=== Requirement ===
Among the lines below, keep only those from the one containing "Витамины Sunlife Elektrolyte" through the one containing "Stainless Steel Bow", and reproduce them exactly.
[Provided data]
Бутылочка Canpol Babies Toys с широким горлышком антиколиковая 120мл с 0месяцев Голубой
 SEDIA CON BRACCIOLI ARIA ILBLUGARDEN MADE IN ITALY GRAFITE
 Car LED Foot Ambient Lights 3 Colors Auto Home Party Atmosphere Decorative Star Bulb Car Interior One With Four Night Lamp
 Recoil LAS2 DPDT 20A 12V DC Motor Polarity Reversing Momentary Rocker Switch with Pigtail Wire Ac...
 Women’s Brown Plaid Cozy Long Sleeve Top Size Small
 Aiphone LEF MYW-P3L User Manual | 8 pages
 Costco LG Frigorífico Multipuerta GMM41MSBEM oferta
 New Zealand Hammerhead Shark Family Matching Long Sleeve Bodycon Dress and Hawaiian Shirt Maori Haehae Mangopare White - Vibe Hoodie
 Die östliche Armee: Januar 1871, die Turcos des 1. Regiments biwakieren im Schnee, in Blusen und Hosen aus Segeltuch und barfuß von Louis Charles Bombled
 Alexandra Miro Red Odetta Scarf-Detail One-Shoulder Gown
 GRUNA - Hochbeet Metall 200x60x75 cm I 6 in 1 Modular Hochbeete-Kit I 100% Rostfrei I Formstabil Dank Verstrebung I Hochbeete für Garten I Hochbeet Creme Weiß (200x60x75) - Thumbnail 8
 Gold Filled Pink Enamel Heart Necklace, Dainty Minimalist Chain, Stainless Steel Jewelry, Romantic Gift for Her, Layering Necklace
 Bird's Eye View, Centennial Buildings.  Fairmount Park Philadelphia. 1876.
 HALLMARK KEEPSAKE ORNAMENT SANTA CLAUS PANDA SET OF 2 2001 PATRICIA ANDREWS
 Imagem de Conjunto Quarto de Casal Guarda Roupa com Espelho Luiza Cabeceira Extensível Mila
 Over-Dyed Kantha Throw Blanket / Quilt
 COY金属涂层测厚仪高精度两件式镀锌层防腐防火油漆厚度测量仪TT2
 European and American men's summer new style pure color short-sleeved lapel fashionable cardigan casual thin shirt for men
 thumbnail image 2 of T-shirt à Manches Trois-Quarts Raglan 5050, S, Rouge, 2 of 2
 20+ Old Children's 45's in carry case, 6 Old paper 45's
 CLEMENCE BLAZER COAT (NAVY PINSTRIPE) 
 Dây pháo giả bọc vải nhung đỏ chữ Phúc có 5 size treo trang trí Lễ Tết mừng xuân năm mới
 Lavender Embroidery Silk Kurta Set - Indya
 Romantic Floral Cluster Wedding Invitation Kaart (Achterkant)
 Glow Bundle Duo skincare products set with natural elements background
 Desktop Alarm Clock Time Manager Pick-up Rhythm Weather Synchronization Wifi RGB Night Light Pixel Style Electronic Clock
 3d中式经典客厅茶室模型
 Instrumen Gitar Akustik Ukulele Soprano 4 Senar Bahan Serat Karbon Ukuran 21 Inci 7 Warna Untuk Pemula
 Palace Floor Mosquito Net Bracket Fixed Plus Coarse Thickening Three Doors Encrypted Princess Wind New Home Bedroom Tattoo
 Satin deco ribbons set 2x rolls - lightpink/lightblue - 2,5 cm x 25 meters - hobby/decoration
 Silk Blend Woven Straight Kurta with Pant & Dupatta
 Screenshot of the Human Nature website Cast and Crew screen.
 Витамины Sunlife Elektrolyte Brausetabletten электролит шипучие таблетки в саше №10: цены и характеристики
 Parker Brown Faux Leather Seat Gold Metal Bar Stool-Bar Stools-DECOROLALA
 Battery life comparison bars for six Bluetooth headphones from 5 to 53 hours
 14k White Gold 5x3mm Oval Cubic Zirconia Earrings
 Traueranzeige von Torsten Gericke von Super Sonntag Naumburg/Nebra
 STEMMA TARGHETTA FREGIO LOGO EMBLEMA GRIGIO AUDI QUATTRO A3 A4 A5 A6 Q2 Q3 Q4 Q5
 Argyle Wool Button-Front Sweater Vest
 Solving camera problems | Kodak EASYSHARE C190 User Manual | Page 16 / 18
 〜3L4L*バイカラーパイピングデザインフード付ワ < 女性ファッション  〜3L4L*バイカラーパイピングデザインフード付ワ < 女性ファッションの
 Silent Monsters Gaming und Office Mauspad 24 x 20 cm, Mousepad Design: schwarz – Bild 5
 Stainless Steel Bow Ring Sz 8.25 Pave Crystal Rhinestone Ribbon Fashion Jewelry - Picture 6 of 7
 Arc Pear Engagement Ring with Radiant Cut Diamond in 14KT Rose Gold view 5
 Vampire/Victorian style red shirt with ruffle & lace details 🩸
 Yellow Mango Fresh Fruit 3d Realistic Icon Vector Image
[/Provided data]
=== Answer to this task ===
 Витамины Sunlife Elektrolyte Brausetabletten электролит шипучие таблетки в саше №10: цены и характеристики
 Parker Brown Faux Leather Seat Gold Metal Bar Stool-Bar Stools-DECOROLALA
 Battery life comparison bars for six Bluetooth headphones from 5 to 53 hours
 14k White Gold 5x3mm Oval Cubic Zirconia Earrings
 Traueranzeige von Torsten Gericke von Super Sonntag Naumburg/Nebra
 STEMMA TARGHETTA FREGIO LOGO EMBLEMA GRIGIO AUDI QUATTRO A3 A4 A5 A6 Q2 Q3 Q4 Q5
 Argyle Wool Button-Front Sweater Vest
 Solving camera problems | Kodak EASYSHARE C190 User Manual | Page 16 / 18
 〜3L4L*バイカラーパイピングデザインフード付ワ < 女性ファッション  〜3L4L*バイカラーパイピングデザインフード付ワ < 女性ファッションの
 Silent Monsters Gaming und Office Mauspad 24 x 20 cm, Mousepad Design: schwarz – Bild 5
 Stainless Steel Bow Ring Sz 8.25 Pave Crystal Rhinestone Ribbon Fashion Jewelry - Picture 6 of 7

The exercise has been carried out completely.